Mild folate deficiency induces genetic and epigenetic instability and phenotype changes in prostate cancer cells
Department of Cancer Genetics, Roswell Park Cancer Institute, Elm & Carlton Streets, BLSC L3-314, Buffalo, NY 14263, USA
BMC Biology 2010, 8:6 doi:10.1186/1741-7007-8-6Published: 21 January 2010
Folate (vitamin B9) is essential for cellular proliferation as it is involved in the biosynthesis of deoxythymidine monophosphate (dTMP) and s-adenosylmethionine (AdoMet). The link between folate depletion and the genesis and progression of cancers of epithelial origin is of high clinical relevance, but still unclear. We recently demonstrated that sensitivity to low folate availability is affected by the rate of polyamine biosynthesis, which is prominent in prostate cells. We, therefore, hypothesized that prostate cells might be highly susceptible to genetic, epigenetic and phenotypic changes consequent to folate restriction.
We studied the consequences of long-term, mild folate depletion in a model comprised of three syngenic cell lines derived from the transgenic adenoma of the mouse prostate (TRAMP) model, recapitulating different stages of prostate cancer; benign, transformed and metastatic. High-performance liquid chromatography analysis demonstrated that mild folate depletion (100 nM) sufficed to induce imbalance in both the nucleotide and AdoMet pools in all prostate cell lines. Random oligonucleotide-primed synthesis (ROPS) revealed a significant increase in uracil misincorporation and DNA single strand breaks, while spectral karyotype analysis (SKY) identified five novel chromosomal rearrangements in cells grown with mild folate depletion. Using global approaches, we identified an increase in CpG island and histone methylation upon folate depletion despite unchanged levels of total 5-methylcytosine, indicating a broad effect of folate depletion on epigenetic regulation. These genomic changes coincided with phenotype changes in the prostate cells including increased anchorage-independent growth and reduced sensitivity to folate depletion.

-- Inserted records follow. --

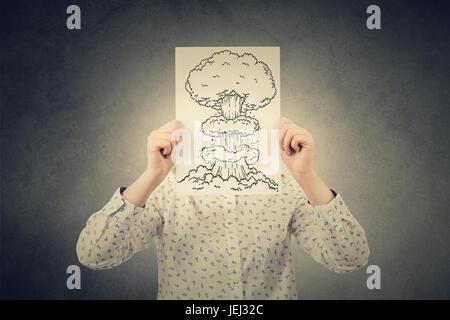 Young businessman holding a white paper sur sa tête avec un dessin d'explosion , isolé sur fond de mur gris.L'état mental de la dépression. Banque D'Images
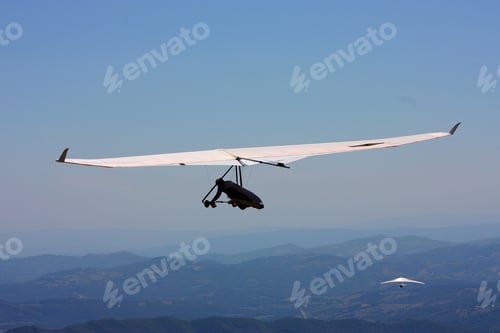 Preview: Hang Glider Pilot In Italian Mountains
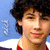 A person with curly dark hair wears a red and white collared shirt against a blue background with faint light patterns.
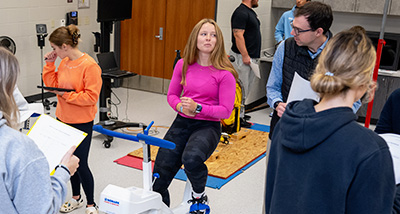 A group of students stand around another student sitting on an exercise bike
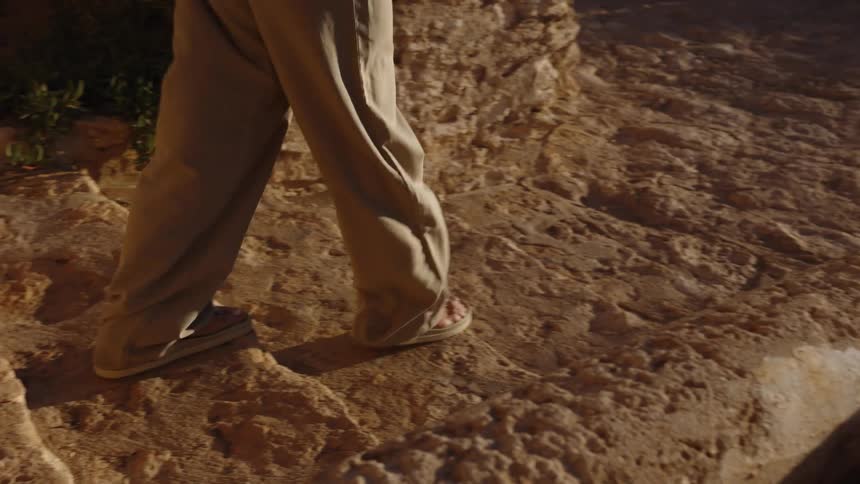 A lowangle shot focuses on the lower body of a woman wearing lightcolored widelegged trousers and sandals as shecarefully walk down a set of rough weathered and uneven stone steps bathed in warm sunlight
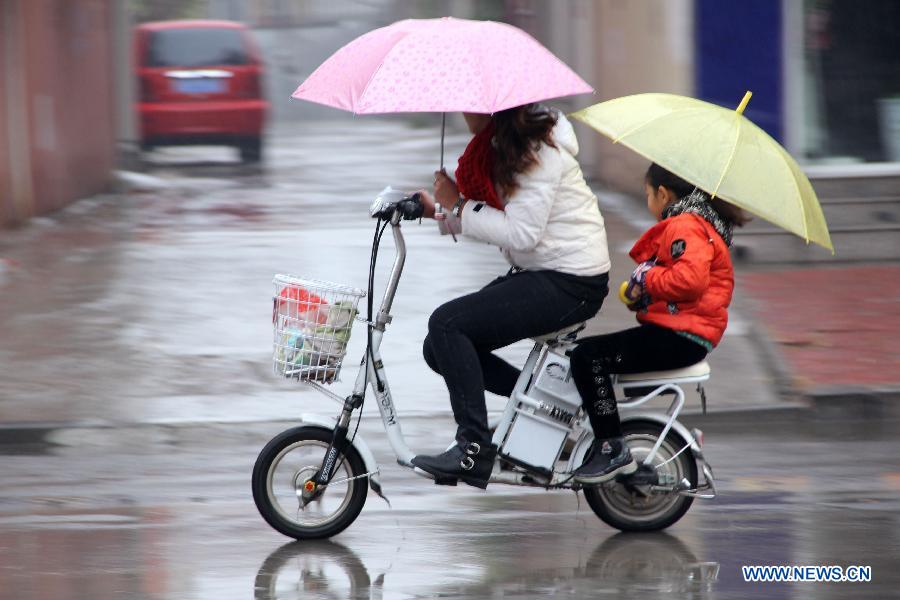 A woman rides an electric bicycle with a girl in the rain in Neihuang County of Anyang City, central China's Henan Province, Nov. 10, 2012. A strong cold snap has brought rainfall and wind to many parts of northern China since Friday night, causing a fall in temperature and scattered snowfall in the following days. (Xinhua/Liu Xiaokun)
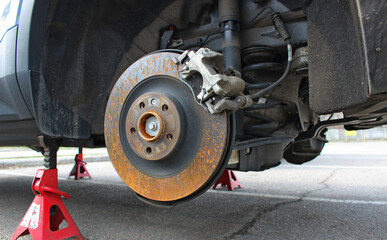  The rear suspension structure with spring and shock absorber is visible in the wheel well of the car with the wheel removed. Dismantled wheel provides access to repair of the shock absorbers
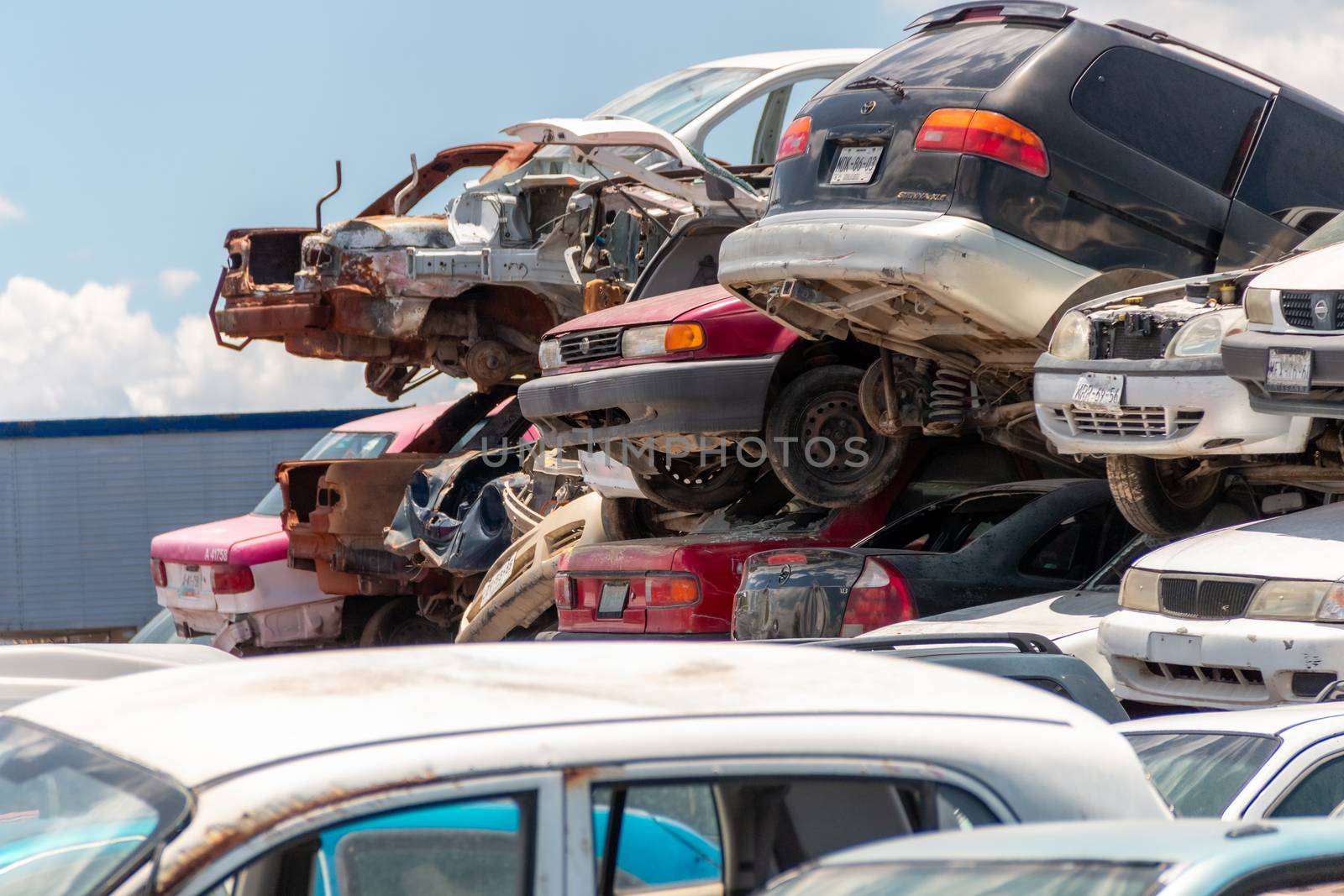 Old damaged cars on the junkyard waiting for recycling in Mexico City. Mexico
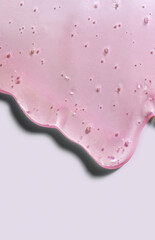 Cream gel pink transparent cosmetic sample texture with bubbles isolated on light gray background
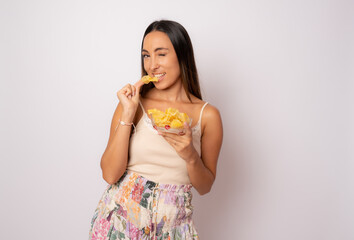 Young beautiful woman holding bowl of chips potatoes over white background with surprise face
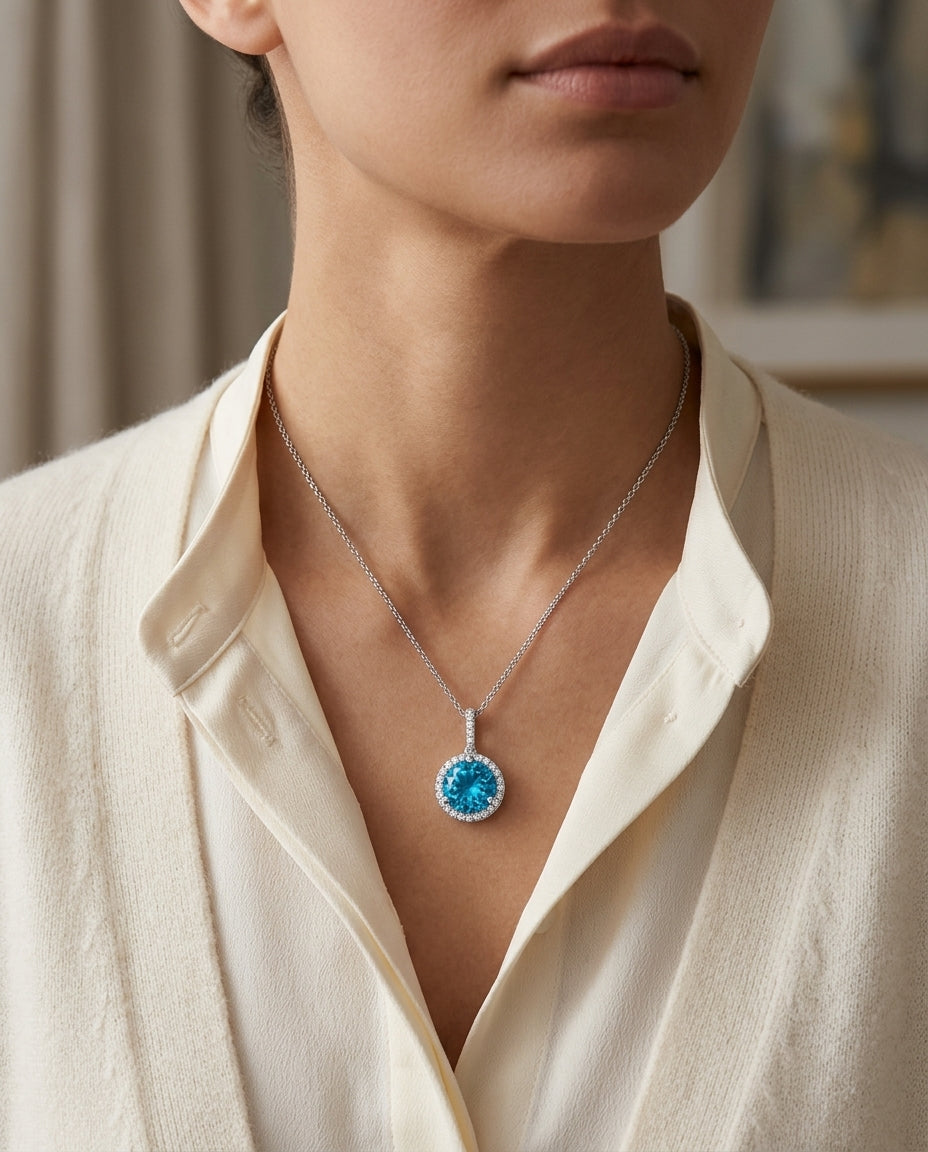 Blue Topaz And Diamond Martini-set Round Halo Pendant In 14k White Gold — editorial close-up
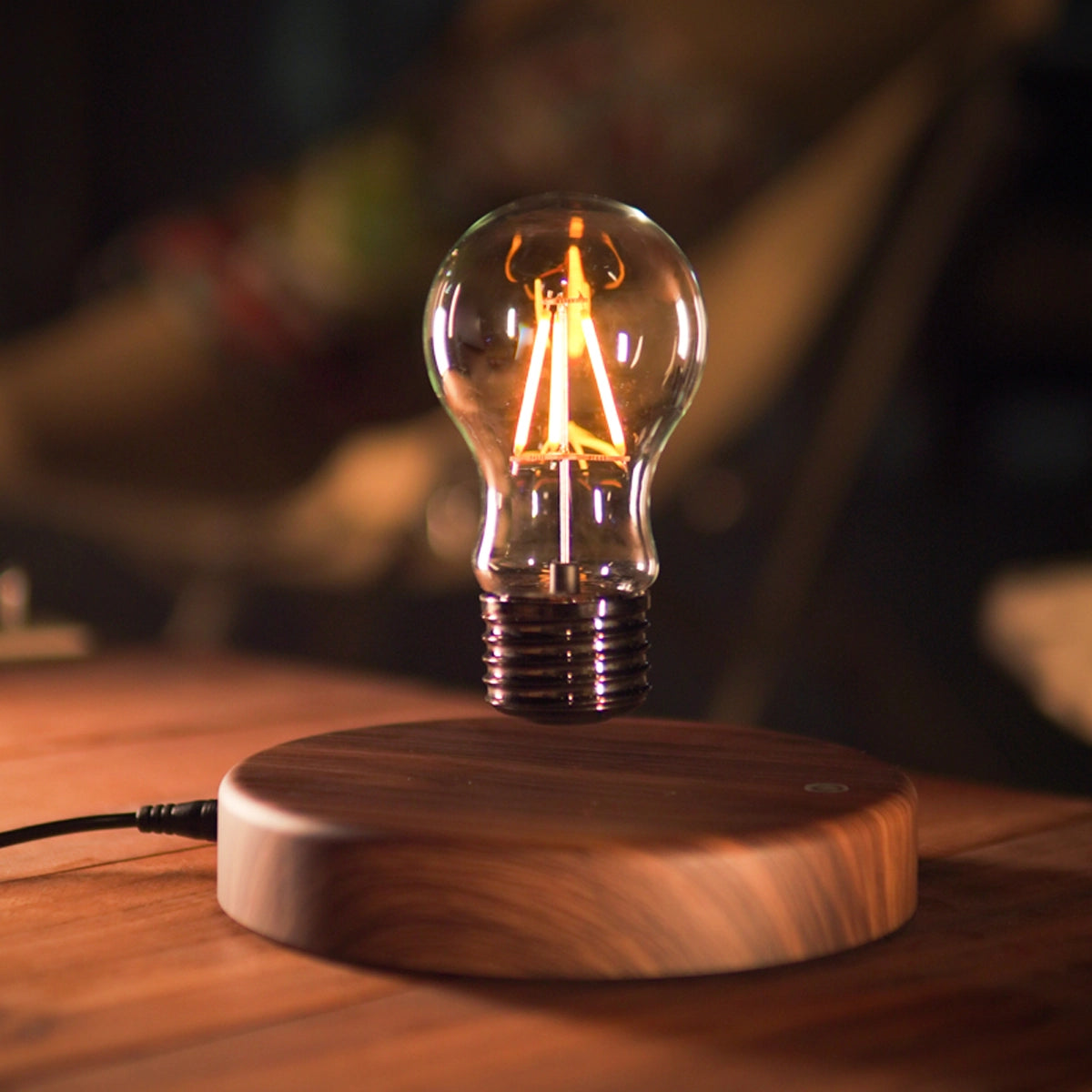 Classic light bulb magnetic levitating lamp glowing in warm ambient lighting on wooden base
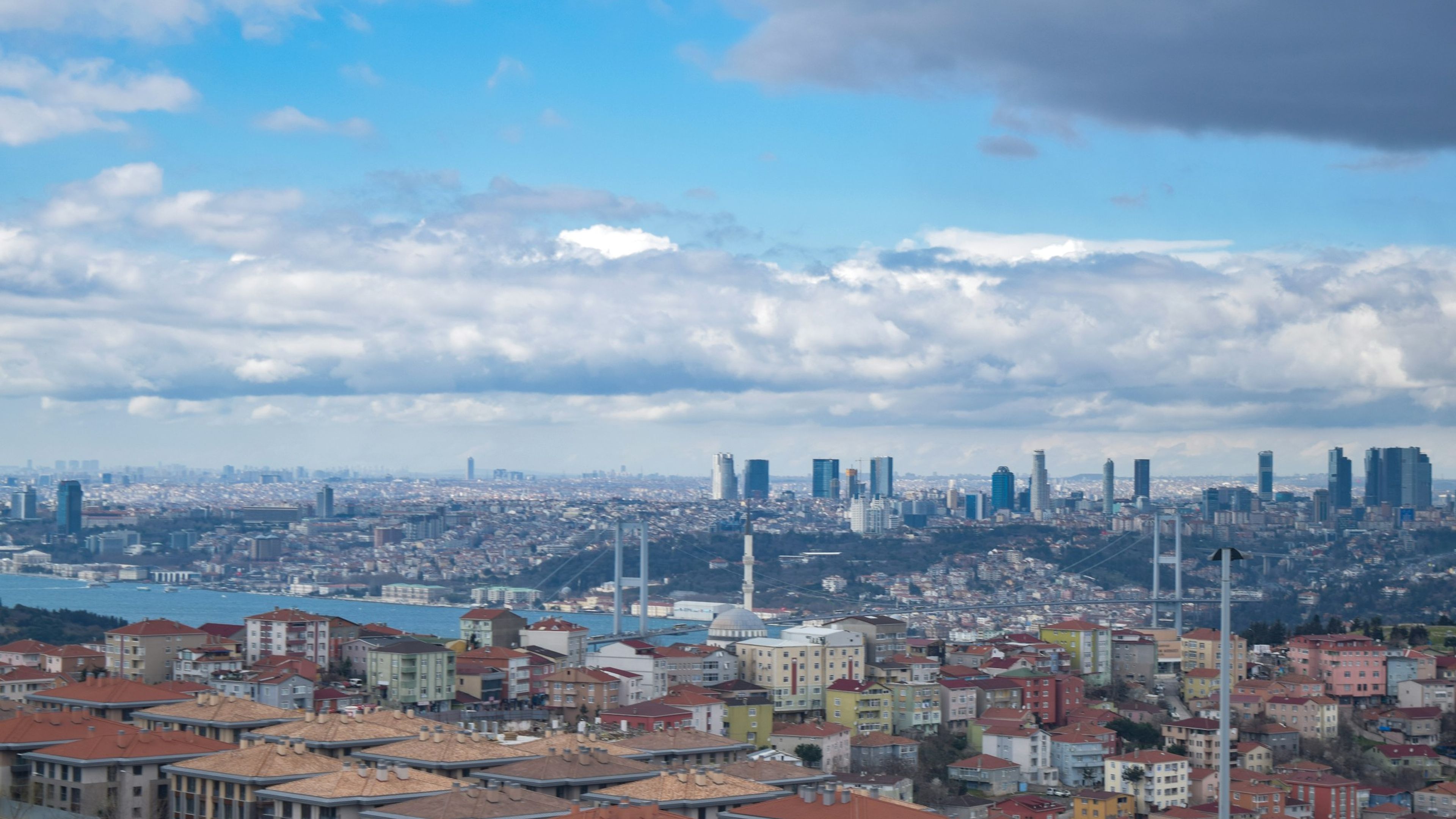 Boğaz köprüsü ve iki yakadaki konut dokusu, bulutlu gökyüzü altında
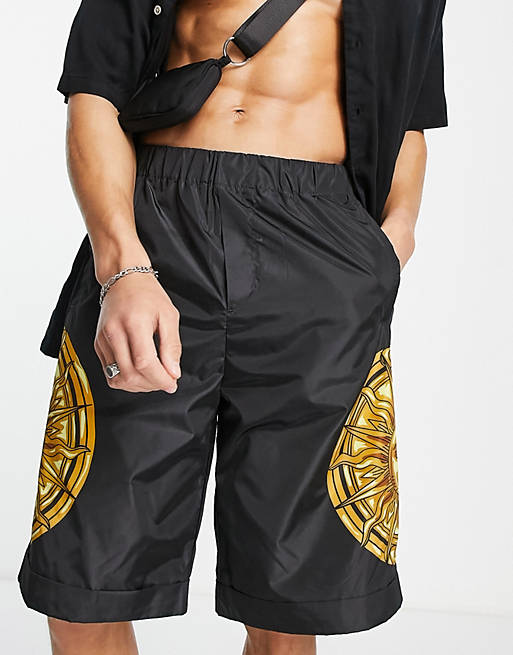 Hombre Other | Pantalones cortos negros con estampado de sol de nailon de Versace Jeans Couture - FA89314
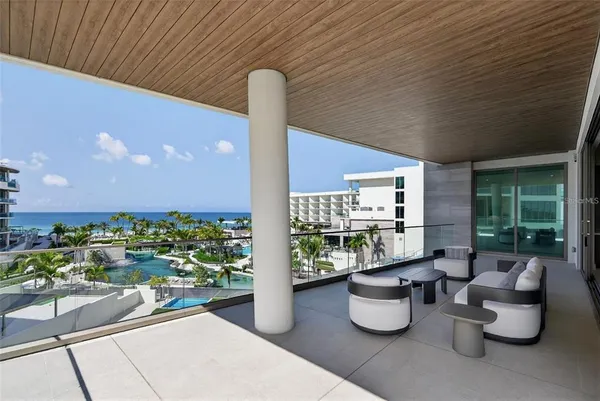 a view of a patio with table and chairs and potted plants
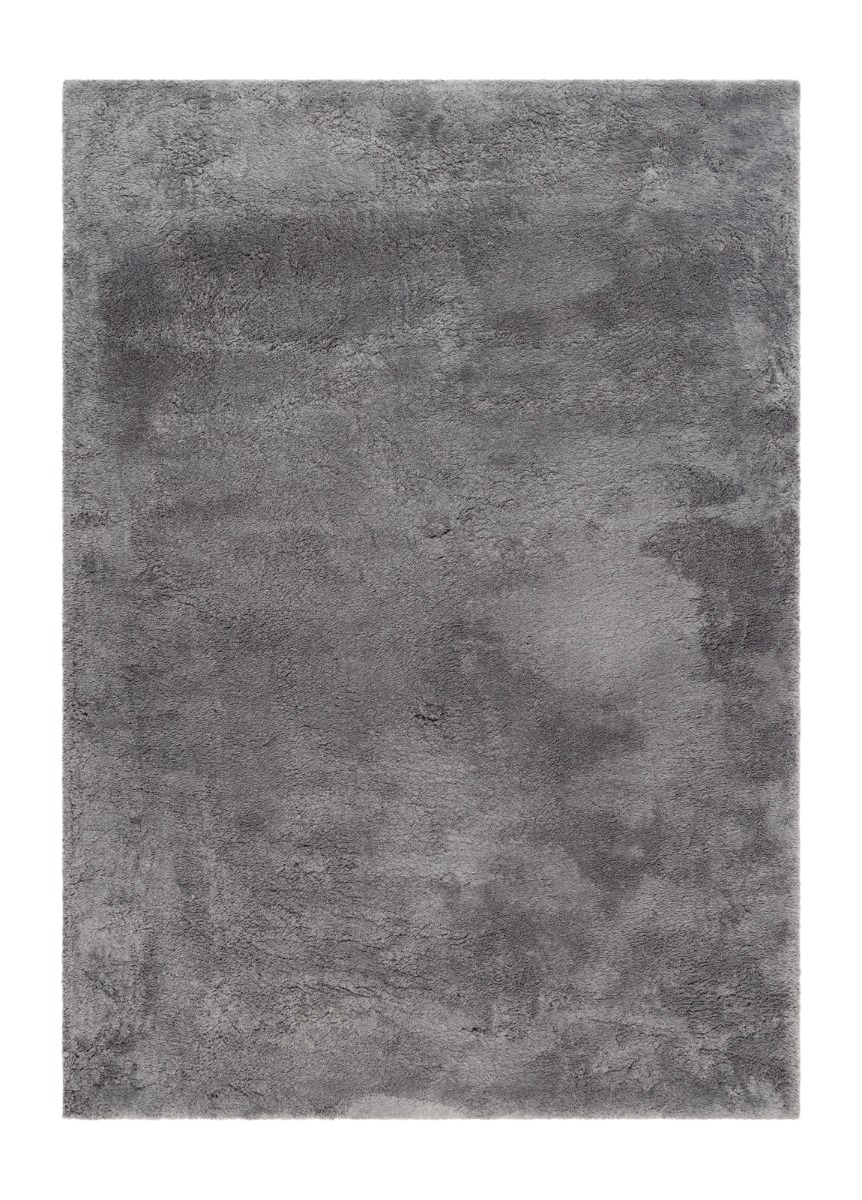 Grå mjuk ryamatta med tjock lugg på vardagsrumsgolv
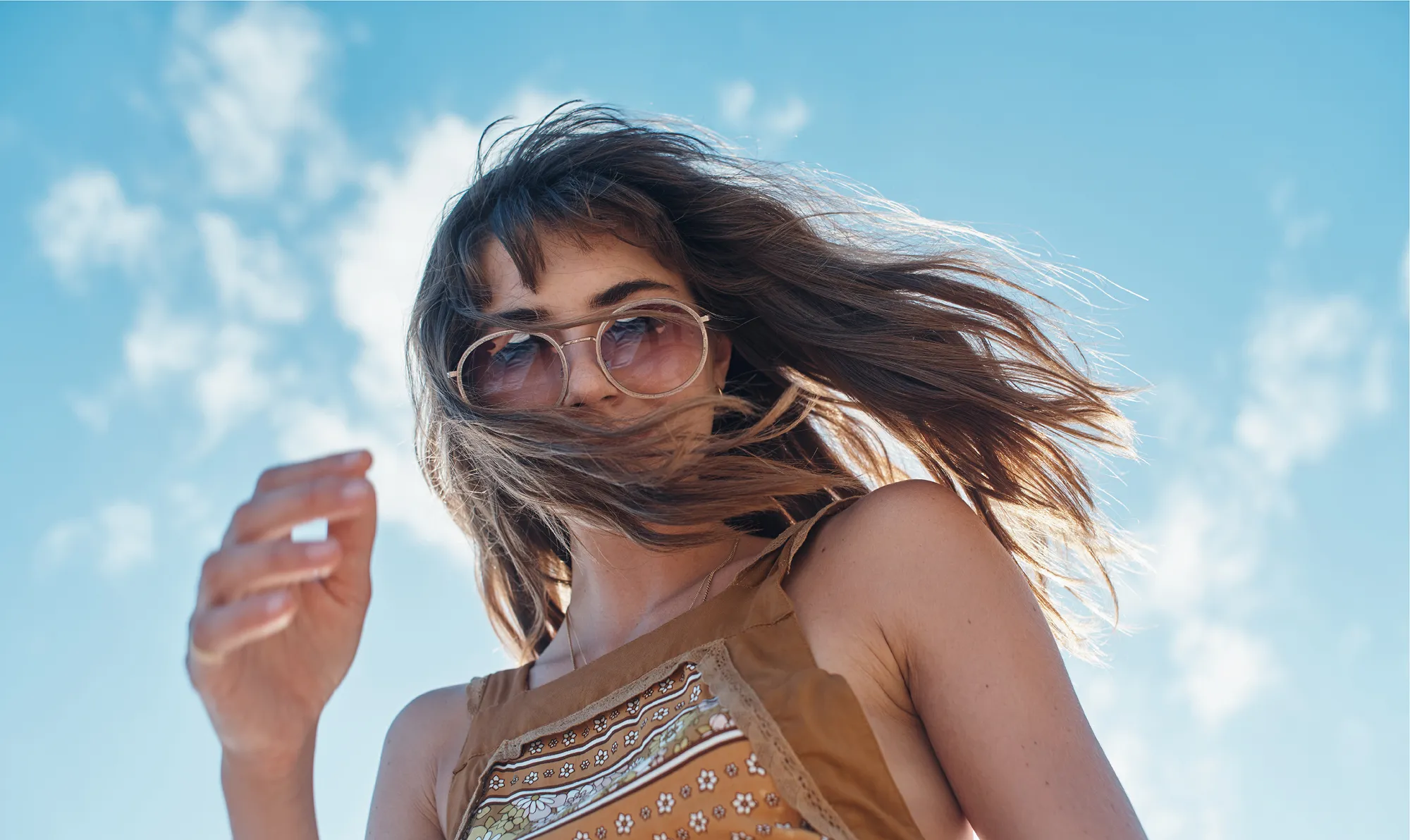 Woman wearing sunglasses with hair blowing in wind against a blue sky with scattered clouds.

This study demonstrates that prostate cells are highly susceptible to genetic and epigenetic changes consequent to mild folate depletion as compared to cells grown with supraphysiological amounts of folate (2 μM) routinely used in tissue culture. In addition, we elucidate for the first time the contribution of these aspects to consequent phenotype changes in epithelial cells. These results provide a strong rationale for studying the effects of folate manipulation on the prostate in vivo, where cells might be more sensitive to changes in folate status resulting from folate supplementation or antifolate therapeutic approaches.